Segment Start: EXTRACTED MATERIAL

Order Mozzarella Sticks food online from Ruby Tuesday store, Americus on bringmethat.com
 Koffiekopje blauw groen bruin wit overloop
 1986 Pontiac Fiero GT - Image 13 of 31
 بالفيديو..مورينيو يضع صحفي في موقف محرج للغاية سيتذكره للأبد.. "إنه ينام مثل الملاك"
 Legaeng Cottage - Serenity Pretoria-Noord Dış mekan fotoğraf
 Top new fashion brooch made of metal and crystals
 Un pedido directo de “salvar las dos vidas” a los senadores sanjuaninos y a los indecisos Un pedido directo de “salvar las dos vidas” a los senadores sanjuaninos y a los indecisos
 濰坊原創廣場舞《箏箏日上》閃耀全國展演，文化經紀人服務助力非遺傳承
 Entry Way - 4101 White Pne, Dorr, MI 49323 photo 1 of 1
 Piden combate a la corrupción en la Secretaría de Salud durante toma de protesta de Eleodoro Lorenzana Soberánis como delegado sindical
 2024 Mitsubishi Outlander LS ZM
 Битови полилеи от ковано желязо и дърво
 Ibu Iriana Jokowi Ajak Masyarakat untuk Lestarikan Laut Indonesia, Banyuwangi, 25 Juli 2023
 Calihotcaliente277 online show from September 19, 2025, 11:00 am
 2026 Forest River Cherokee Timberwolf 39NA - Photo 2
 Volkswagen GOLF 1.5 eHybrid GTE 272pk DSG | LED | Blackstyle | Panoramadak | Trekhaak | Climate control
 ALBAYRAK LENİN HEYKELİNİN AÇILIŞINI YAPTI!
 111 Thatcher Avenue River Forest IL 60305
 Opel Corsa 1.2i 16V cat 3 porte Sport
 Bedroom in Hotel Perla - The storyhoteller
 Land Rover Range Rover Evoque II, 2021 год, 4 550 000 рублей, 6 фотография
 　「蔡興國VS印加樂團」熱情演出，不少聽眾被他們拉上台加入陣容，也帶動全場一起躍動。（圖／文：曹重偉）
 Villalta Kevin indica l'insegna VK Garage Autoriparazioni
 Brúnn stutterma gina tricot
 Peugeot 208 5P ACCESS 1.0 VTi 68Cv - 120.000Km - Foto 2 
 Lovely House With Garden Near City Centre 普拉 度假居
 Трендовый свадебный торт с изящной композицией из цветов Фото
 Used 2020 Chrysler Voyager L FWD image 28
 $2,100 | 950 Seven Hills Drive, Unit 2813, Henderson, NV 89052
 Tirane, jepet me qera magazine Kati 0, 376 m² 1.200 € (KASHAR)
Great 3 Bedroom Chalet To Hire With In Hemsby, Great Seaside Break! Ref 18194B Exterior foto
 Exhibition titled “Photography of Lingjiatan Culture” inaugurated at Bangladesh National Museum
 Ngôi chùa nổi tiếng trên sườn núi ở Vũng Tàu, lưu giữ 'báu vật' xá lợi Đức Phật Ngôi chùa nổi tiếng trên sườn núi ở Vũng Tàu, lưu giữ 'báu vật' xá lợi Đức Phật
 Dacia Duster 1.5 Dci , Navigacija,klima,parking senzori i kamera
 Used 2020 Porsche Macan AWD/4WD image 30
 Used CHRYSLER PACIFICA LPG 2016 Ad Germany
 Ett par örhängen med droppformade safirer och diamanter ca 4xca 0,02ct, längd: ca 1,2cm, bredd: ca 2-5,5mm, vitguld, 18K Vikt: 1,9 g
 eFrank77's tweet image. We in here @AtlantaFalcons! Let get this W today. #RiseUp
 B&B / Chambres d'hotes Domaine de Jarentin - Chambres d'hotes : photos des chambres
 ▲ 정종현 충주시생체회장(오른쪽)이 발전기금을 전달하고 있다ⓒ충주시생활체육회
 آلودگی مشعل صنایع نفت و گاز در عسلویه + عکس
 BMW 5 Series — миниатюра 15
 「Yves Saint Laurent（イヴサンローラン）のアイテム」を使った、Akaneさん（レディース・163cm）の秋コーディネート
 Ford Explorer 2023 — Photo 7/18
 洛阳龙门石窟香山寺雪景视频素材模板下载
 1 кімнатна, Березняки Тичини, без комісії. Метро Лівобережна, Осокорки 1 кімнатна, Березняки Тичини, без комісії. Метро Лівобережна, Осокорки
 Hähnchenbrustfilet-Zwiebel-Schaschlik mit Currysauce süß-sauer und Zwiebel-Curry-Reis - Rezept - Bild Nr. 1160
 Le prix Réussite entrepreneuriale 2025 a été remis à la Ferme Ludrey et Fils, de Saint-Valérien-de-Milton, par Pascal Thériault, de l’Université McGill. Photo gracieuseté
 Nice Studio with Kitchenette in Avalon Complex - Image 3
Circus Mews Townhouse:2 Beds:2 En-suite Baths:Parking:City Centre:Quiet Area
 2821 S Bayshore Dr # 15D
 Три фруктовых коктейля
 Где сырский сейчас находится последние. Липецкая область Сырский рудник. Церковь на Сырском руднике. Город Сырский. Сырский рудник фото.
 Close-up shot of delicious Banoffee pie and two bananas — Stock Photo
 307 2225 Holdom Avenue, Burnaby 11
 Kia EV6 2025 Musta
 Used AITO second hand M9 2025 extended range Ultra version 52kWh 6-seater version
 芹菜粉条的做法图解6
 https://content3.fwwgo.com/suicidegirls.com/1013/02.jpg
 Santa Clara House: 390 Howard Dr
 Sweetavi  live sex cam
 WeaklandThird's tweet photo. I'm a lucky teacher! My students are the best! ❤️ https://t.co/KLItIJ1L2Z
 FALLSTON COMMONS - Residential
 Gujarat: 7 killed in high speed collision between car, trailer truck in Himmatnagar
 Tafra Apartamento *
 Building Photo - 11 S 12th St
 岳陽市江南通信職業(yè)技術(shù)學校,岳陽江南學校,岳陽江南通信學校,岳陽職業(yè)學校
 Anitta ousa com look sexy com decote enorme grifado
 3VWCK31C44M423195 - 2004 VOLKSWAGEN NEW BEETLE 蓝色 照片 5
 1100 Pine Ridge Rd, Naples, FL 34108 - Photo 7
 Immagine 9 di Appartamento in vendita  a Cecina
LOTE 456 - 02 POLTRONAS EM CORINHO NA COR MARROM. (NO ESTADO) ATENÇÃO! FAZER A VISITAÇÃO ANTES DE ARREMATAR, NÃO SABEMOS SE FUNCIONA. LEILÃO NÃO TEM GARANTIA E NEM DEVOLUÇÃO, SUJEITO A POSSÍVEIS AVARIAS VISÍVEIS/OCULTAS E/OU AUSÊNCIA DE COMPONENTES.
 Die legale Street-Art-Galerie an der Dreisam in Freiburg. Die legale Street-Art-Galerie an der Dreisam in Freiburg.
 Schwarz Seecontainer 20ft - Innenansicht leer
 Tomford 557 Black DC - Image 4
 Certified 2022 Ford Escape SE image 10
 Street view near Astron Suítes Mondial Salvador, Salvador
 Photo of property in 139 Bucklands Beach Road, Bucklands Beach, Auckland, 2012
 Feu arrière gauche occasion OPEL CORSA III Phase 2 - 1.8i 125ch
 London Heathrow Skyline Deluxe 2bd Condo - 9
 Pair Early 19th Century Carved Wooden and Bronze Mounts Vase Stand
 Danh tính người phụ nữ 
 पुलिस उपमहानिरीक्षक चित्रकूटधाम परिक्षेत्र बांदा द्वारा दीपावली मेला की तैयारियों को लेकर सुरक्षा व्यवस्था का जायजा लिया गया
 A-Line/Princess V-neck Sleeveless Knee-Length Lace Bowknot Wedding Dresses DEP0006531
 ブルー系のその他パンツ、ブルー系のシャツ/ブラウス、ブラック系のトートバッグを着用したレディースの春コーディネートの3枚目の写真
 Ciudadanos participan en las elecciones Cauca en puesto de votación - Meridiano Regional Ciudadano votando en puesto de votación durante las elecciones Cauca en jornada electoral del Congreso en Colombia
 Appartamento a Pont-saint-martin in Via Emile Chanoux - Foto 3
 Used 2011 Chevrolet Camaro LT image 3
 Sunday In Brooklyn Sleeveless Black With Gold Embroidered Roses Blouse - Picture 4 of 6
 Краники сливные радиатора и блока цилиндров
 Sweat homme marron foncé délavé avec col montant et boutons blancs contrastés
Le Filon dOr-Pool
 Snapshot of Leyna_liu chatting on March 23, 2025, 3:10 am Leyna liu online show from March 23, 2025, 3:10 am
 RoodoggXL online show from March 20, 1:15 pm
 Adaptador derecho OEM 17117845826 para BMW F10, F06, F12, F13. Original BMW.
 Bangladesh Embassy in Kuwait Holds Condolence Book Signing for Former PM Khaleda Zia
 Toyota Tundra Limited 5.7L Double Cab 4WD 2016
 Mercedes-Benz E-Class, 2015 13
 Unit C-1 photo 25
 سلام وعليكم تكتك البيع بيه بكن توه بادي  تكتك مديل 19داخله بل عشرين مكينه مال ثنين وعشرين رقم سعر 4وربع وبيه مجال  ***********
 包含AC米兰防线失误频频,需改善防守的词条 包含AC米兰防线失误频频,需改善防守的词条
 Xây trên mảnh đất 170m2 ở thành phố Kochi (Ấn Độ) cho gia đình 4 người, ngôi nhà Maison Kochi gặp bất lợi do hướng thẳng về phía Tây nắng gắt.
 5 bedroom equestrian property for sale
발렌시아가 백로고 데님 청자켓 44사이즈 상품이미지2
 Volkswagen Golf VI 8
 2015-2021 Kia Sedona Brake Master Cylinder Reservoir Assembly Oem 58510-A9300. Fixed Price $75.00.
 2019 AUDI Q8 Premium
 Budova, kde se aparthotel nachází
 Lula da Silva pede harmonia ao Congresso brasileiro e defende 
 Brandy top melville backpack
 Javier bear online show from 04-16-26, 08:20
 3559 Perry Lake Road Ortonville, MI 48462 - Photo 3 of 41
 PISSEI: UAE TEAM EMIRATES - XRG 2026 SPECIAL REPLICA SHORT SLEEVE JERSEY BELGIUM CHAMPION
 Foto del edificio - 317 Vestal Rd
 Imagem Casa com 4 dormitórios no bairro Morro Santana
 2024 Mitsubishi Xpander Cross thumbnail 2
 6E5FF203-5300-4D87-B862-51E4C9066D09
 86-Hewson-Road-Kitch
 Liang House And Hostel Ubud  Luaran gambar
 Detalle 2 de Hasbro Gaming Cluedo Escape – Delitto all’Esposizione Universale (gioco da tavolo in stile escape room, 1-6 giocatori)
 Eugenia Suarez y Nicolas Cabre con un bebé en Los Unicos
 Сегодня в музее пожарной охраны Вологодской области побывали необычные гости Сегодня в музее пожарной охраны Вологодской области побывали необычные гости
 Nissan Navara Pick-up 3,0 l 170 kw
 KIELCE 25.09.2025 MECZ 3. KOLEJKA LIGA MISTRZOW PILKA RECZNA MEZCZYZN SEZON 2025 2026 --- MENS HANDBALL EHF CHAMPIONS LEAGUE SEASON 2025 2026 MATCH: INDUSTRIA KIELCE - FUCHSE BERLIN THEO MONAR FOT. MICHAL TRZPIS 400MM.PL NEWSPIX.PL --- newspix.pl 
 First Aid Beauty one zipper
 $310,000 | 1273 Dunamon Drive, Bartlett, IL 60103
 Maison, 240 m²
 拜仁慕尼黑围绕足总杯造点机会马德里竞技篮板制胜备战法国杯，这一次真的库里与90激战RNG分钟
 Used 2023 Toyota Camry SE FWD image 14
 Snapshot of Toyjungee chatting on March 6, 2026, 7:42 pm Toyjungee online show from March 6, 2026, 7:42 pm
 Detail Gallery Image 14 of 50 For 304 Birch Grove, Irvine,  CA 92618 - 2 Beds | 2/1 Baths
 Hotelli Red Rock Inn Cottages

Segment End: EXTRACTED MATERIAL

# WHAT IS REQUIRED
In the material above, transcribe exactly the lines beginning at the one with "eFrank77's tweet image." and ending at the one with "Kia EV6 2025 Musta", both included.

# THE ANSWER
 eFrank77's tweet image. We in here @AtlantaFalcons! Let get this W today. #RiseUp
 B&B / Chambres d'hotes Domaine de Jarentin - Chambres d'hotes : photos des chambres
 ▲ 정종현 충주시생체회장(오른쪽)이 발전기금을 전달하고 있다ⓒ충주시생활체육회
 آلودگی مشعل صنایع نفت و گاز در عسلویه + عکس
 BMW 5 Series — миниатюра 15
 「Yves Saint Laurent（イヴサンローラン）のアイテム」を使った、Akaneさん（レディース・163cm）の秋コーディネート
 Ford Explorer 2023 — Photo 7/18
 洛阳龙门石窟香山寺雪景视频素材模板下载
 1 кімнатна, Березняки Тичини, без комісії. Метро Лівобережна, Осокорки 1 кімнатна, Березняки Тичини, без комісії. Метро Лівобережна, Осокорки
 Hähnchenbrustfilet-Zwiebel-Schaschlik mit Currysauce süß-sauer und Zwiebel-Curry-Reis - Rezept - Bild Nr. 1160
 Le prix Réussite entrepreneuriale 2025 a été remis à la Ferme Ludrey et Fils, de Saint-Valérien-de-Milton, par Pascal Thériault, de l’Université McGill. Photo gracieuseté
 Nice Studio with Kitchenette in Avalon Complex - Image 3
Circus Mews Townhouse:2 Beds:2 En-suite Baths:Parking:City Centre:Quiet Area
 2821 S Bayshore Dr # 15D
 Три фруктовых коктейля
 Где сырский сейчас находится последние. Липецкая область Сырский рудник. Церковь на Сырском руднике. Город Сырский. Сырский рудник фото.
 Close-up shot of delicious Banoffee pie and two bananas — Stock Photo
 307 2225 Holdom Avenue, Burnaby 11
 Kia EV6 2025 Musta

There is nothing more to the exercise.